Brief descriptive captions:
========
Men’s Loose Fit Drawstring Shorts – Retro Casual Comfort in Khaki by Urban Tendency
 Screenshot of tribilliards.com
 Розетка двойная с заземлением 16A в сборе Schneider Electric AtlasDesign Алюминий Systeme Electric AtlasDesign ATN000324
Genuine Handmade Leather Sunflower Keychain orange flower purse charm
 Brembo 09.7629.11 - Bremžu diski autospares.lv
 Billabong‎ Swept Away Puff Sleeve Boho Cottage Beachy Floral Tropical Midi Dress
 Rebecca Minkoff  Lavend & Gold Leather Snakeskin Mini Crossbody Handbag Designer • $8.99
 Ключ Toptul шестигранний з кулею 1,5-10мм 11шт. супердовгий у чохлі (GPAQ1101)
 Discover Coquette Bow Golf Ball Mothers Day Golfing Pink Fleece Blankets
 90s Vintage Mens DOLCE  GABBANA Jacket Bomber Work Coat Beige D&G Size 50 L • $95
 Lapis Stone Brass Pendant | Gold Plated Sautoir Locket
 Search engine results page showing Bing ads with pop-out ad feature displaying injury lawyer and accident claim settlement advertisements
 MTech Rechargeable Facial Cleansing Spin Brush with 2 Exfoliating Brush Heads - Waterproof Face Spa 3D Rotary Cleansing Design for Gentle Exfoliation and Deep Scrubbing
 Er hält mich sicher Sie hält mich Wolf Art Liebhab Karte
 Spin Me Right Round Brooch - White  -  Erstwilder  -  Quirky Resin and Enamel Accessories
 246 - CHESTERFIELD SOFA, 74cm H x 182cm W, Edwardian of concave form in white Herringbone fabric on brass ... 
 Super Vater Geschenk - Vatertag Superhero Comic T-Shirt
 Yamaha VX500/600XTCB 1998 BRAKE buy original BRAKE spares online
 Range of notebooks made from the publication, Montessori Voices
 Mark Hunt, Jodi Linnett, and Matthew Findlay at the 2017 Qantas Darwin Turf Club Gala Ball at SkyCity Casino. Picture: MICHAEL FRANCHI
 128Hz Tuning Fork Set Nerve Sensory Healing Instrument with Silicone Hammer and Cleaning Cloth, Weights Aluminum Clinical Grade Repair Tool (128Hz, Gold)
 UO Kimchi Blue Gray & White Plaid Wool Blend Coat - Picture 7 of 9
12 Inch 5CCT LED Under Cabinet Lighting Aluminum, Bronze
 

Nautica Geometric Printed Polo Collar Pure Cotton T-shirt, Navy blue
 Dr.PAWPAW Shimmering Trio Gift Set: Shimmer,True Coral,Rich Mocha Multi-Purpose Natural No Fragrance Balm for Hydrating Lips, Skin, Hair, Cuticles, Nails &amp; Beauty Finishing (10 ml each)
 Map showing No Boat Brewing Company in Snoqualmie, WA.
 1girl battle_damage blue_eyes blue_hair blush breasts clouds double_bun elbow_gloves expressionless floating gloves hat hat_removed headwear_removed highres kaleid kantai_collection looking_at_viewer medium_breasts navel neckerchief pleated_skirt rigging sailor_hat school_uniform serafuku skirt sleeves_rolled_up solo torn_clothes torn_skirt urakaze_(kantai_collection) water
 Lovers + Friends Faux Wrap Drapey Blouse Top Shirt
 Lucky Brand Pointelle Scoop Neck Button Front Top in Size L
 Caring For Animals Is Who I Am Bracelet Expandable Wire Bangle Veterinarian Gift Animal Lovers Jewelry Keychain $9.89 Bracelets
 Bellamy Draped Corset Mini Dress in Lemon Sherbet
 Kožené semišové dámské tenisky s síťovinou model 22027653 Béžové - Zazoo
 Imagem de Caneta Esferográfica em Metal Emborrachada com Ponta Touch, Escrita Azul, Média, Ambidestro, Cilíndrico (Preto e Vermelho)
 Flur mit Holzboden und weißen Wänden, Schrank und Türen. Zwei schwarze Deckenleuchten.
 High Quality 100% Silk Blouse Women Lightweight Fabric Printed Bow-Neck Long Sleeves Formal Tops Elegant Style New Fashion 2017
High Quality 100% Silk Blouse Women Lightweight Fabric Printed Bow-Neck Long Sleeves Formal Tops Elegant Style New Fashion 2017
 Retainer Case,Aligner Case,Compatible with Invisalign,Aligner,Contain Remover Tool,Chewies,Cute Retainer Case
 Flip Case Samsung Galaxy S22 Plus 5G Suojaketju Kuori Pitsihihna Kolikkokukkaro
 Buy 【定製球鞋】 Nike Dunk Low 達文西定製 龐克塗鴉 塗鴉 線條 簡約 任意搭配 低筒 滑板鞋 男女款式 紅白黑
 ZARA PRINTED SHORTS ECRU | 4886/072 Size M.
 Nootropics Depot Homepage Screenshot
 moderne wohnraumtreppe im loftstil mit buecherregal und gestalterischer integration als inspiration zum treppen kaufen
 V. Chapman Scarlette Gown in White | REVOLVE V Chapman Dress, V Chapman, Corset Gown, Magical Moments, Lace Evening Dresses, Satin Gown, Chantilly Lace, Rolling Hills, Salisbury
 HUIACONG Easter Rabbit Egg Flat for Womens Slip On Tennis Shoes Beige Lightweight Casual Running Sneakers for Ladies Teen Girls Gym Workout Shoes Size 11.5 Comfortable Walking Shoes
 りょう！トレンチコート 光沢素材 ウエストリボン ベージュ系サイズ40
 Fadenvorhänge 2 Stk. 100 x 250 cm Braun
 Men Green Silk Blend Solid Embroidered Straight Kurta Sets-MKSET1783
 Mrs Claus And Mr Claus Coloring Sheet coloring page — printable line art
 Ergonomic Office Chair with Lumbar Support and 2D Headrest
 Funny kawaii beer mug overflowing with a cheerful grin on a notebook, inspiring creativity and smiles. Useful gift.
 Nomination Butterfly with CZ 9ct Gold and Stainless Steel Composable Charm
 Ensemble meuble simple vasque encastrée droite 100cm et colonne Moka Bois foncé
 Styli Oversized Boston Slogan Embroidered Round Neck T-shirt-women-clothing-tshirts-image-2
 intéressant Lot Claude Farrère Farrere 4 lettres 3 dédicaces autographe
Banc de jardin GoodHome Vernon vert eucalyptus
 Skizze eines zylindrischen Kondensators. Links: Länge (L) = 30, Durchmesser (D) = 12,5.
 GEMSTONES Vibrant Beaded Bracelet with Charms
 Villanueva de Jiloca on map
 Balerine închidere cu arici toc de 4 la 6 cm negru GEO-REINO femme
========
(Required action): Give back, word for word, only the lines from the one containing "Ensemble meuble simple" through the closing line of the entries.

(Task solution):
 Ensemble meuble simple vasque encastrée droite 100cm et colonne Moka Bois foncé
 Styli Oversized Boston Slogan Embroidered Round Neck T-shirt-women-clothing-tshirts-image-2
 intéressant Lot Claude Farrère Farrere 4 lettres 3 dédicaces autographe
Banc de jardin GoodHome Vernon vert eucalyptus
 Skizze eines zylindrischen Kondensators. Links: Länge (L) = 30, Durchmesser (D) = 12,5.
 GEMSTONES Vibrant Beaded Bracelet with Charms
 Villanueva de Jiloca on map
 Balerine închidere cu arici toc de 4 la 6 cm negru GEO-REINO femme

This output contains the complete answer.